Exercise instructions - Reproduce the line with "Други - 43900720" and everything after it in the listing below, exactly, both ends included. No pictures.

Segment Start: Input data

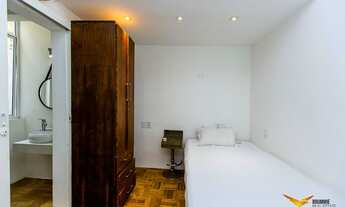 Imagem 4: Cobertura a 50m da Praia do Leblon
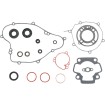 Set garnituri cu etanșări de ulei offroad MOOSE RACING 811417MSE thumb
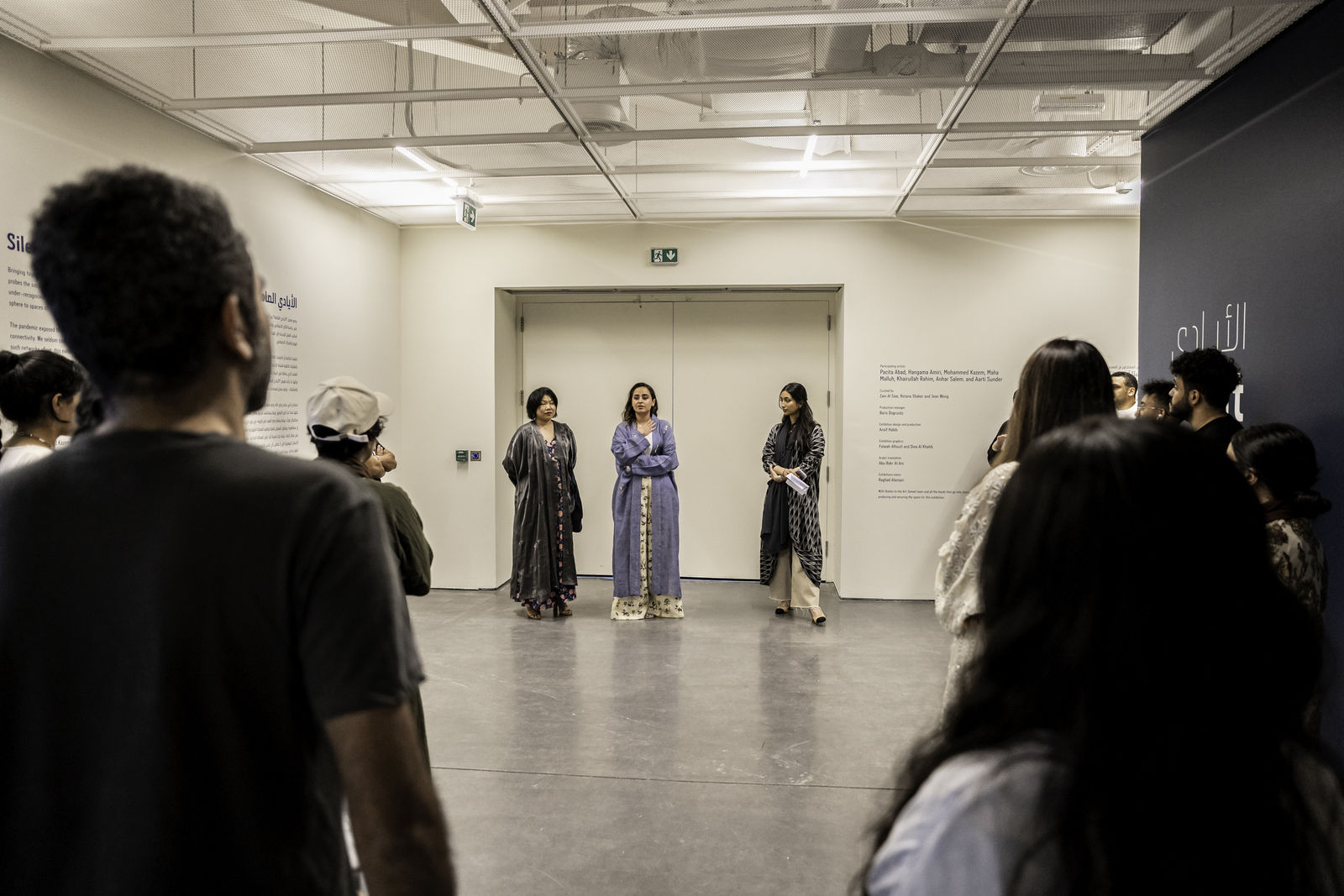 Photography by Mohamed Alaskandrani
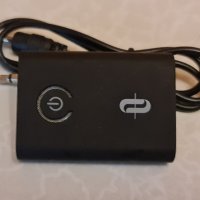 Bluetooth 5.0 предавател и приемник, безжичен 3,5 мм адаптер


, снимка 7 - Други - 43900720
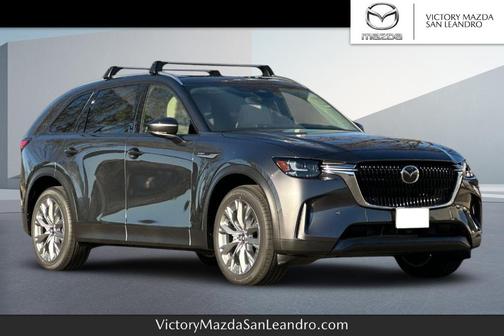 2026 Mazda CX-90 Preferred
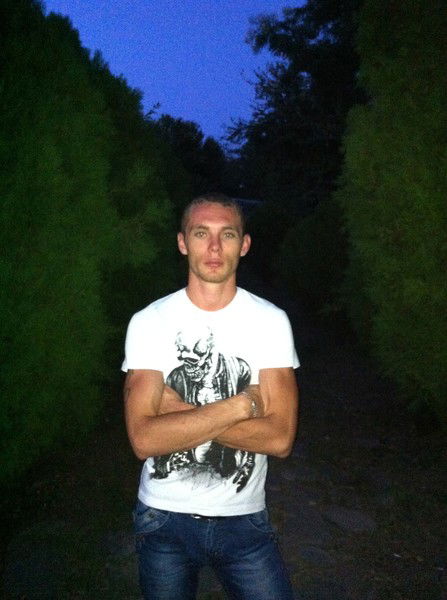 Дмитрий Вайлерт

Segment End: Input data

Solution to the exercise -
, снимка 7 - Други - 43900720
 2026 Mazda CX-90 Preferred
 Дмитрий Вайлерт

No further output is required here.